There were also several announcements about upcoming events including the Legal Breakfast on March 30th, our 2nd Annual Career Fair on Tuesday, May 16th, and the NJC3 Spring Conference on April 21st.  Anyone interested in speaking on D&I can submit their interest by clicking here.








 

January: Strategies in Developing a Sound Compensation Program


Compensation plays a significant role in an organization's success. A compensation strategy must be designed well to attract and retain talent. As the single largest expense for most companies, it's imperative to develop the right pay structure and appropriate recognition methods.


We discussed the nine key components of a sound compensation plan
1.     Set Compensation Plan Philosophy: This will serve as the “guiding star” of the compensation plan.  It should also be aligned with the company goals. Establish clarity on what you seek to reward.  Ensure a tie back to the corporate culture as well.
2.    Select a Methodology for Job Analysis:  There are a number of different methods to analyze roles.  Select the one that best meets your needs.  Keep in mind that job analysis is done in partnership with leadership teams and subject matter experts.
3.    Compare Job Requirements to the Market:  Evaluate comparison to internal and external market.  Resources can range from free data bases or “pay for” services.
4.    Adjust Pay to the Specific Job:  Align with your business plan.  Create job descriptions for clarity which will describe the skill, experience and education required for a role.
5.    Create Job Families:  It’s important to band jobs together because it makes the compensation structure easier to understand. It ensures parity across jobs that are similar.  This will also help to avoid disparate impact claims
6.    Bonus, Commission and Benefits:  These must all be clearly laid out in writing and must be legally compliant.  Once guidelines are created, be sure to follow them!  Select rewards that will motive a large portion of the workforce.  Check to see if people understand the program.  Finally, obtain people’s signature that they understand the terms of the compensation program.
7.    Performance Reviews:  Research from Deloitte showed that quarterly reviews drove 31% higher employee productivity.  Be sure that the performance expectations are aligned with the job description.
8.    Recruiting Strategy:  The compensation strategy must also support the recruitment strategy.   Check in with Talent Acquisition to confirm that the compensation strategy augments our sourcing strategy.  
9.    Measure for Success:  Analyze metrics like turnover and engagement surveys.  Test compensation structure with the external market annually.  Monitor your ability to bring in the right talent into your established ranges.  Be mindful of trends in the market.  

ABOUT OUR SPEAKER:
Loida Noriega-Wilson is a Director of Business Relations and is an Alliance Partner for Trilogy. Loida is also President of The Norwil Group Inc., a management and corporate development consulting company. She is a consultant, trainer, speaker, and published writer.

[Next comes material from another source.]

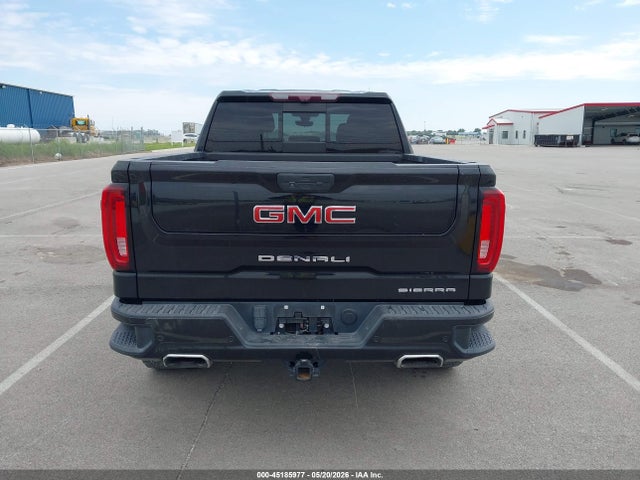 GMC Sierra 1500 4wd  Short Box Denali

Loida, who is bi-lingual, has worked for more than 30 years in domestic and international business and management, guiding individuals, teams and corporations to seek innovative ways to fully develop their business potential. “Linking the business strategies of an organization to the performance of their people is critical to our approach.”

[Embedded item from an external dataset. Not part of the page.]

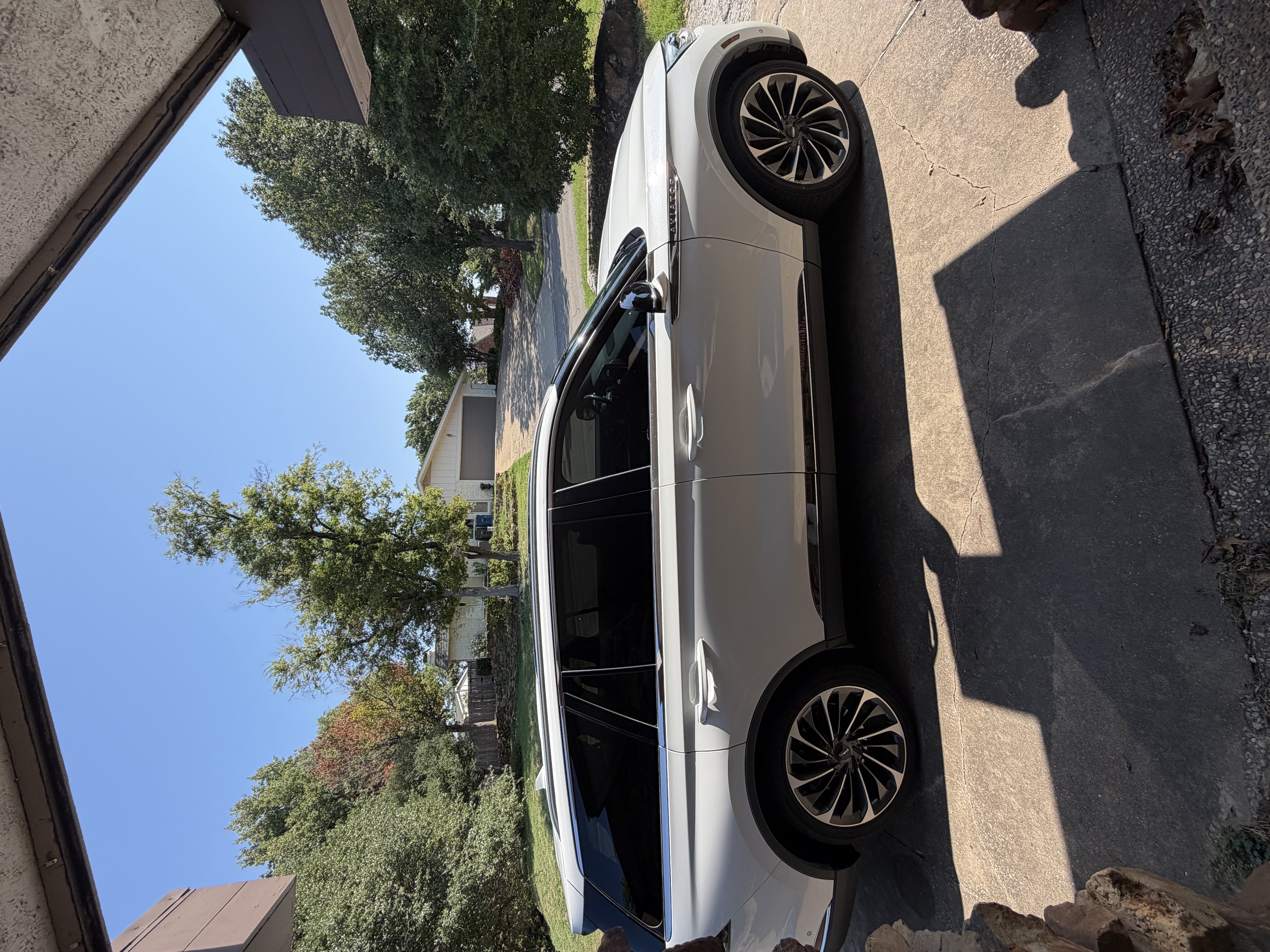 Used 2021 Lincoln Aviator Reserve w/ Equipment Group 202A AWD/4WD image 16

Loida holds a Masters Degree from Rutgers University specializing in Business and Human Resources Management and graduated with high honors from the University of South Florida in Political Science. She has served as an adjunct professor at the Russ Berrie Institute at the Cotsakos College of Business, and William Patterson University, New Jersey.
 
We thank our January Chapter Sponsor. Business & Legal Resources (BRL) who help US businesses simplify compliance with state and federal legal requirements.